Das Phänomen des Lebens

Die Existenz eines Bewusstseins in einem künstlichen Gebilde lässt sich nicht ohne Weiteres widerlegen, so wie sich generell keine Nicht-Existenz empirisch beweisen lässt. Doch wir erkennen so viele fundamentale Unterschiede zwischen belebten Wesen und unbelebten Maschinen, dass ein bewusstes Erfahren bei Letzteren zumindest als so gut wie ausgeschlossen erscheint. Dafür deuten wir uns selbst nicht mehr nach Analogie der von uns geschaffenen Maschinen, sondern betrachten, was wir wirklich sind und tun: 

Wir sind zunächst einmal Lebewesen,

  • die um ihrer selbst willen existieren und die auf ihre Selbsterhaltung ausgerichtet sind;(1)

  • die als Leib existieren, durch den sich die Umwelt physisch in eine Innen- und eine Außensphäre gliedert, der, solange er sich nicht durch die Erfahrung des Schmerzes in den Vordergrund drängt, als Hintergrund aller unserer Welterfahrung dient, die als Organismen also ganz wesentlich durch die Haut (Membran, Panzer, etc.), durch eine Grenze — eine Abgrenzung von einem Außen – existieren(2);

  • die primär auf die Aufrechterhaltung des leiblichen Gleichgewichts, unter Umständen sein Wachstum und seine Fortpflanzung, ausgerichtet sind — was auch der Zweck des zentralen Nervensystems ist (3);

  • die sich als organisierte, integrierte, zwecksetzende, spontane Einheit auf ihre Umwelt beziehen (dies der Ursprung der Subjektivität als Bezugspunkt der unteilbaren Einheit — der „Monade“);

  • die sich auf menschlicher Ebene nicht nur auf eine dingliche Umwelt beziehen, sondern eine soziale Mitwelt gleichartiger Individuen erschaffen und somit eine gemeinsame Welt (im Sinne Hannah Arendts als Gemeinschaft von in Freiheit handelnden Wesen) hervorbringen (4);

  • die sich wiederum als Menschen selbst eine Geschichte, eine Biografie geben, wesentlich als neuer Anfang, Ursprung, Impuls in diese Welt gekommen sind (Hannah Arendt prägte hierfür den Begriff der „Nataliät“ als Pendant zur Mortalität oder Heideggers „Sein zum Tode“);

  • die sich als Menschen ihrer Endlichkeit bewusst sind;

  • und die schließlich (wiederum bloß als Lebewesen) nicht einfach kaputt gehen, sondern irreversibel sterben (5).

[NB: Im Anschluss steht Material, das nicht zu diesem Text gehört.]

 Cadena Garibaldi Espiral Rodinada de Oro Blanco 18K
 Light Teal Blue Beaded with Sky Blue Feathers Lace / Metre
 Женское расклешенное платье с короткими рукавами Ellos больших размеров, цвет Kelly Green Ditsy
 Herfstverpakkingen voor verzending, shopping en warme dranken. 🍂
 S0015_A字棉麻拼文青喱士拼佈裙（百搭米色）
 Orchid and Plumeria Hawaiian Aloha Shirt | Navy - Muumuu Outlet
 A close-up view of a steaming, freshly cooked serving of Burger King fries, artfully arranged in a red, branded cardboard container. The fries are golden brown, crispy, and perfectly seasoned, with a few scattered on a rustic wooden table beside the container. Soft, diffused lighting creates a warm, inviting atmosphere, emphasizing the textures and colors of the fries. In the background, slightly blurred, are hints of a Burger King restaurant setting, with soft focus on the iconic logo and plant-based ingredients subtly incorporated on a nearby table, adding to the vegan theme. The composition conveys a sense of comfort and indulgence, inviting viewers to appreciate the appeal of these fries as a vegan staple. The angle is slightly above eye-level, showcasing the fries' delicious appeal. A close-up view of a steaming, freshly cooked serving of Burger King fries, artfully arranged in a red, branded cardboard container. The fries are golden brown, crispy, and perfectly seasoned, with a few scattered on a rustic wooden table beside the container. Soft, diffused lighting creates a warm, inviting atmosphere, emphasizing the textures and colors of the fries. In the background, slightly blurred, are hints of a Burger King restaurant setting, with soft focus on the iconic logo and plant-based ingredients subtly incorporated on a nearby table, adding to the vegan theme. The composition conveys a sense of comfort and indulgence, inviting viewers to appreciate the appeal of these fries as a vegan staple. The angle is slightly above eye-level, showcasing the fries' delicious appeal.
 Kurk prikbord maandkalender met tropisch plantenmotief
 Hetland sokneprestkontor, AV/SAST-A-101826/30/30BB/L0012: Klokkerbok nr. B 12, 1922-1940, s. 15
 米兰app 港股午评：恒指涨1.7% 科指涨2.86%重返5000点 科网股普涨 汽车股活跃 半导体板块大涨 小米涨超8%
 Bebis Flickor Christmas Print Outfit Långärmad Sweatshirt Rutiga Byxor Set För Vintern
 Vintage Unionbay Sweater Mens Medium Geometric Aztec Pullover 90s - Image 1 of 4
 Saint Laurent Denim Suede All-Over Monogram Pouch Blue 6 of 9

Dies ist der sprichwörtliche „Elefant im Raum“, die vernachlässigte Größe und der Grundirrtum, an dem alle neueren materialistischen und mechanistischen Bewusstseinstheorien scheitern: Sie versuchen, das Bewusstsein als Informationsverarbeitungsprozess zu erklären, übersehen dabei jedoch, dass es ein Subphänomen des Lebens sein könnte, das sie mit ihren Mitteln nicht verstehen können.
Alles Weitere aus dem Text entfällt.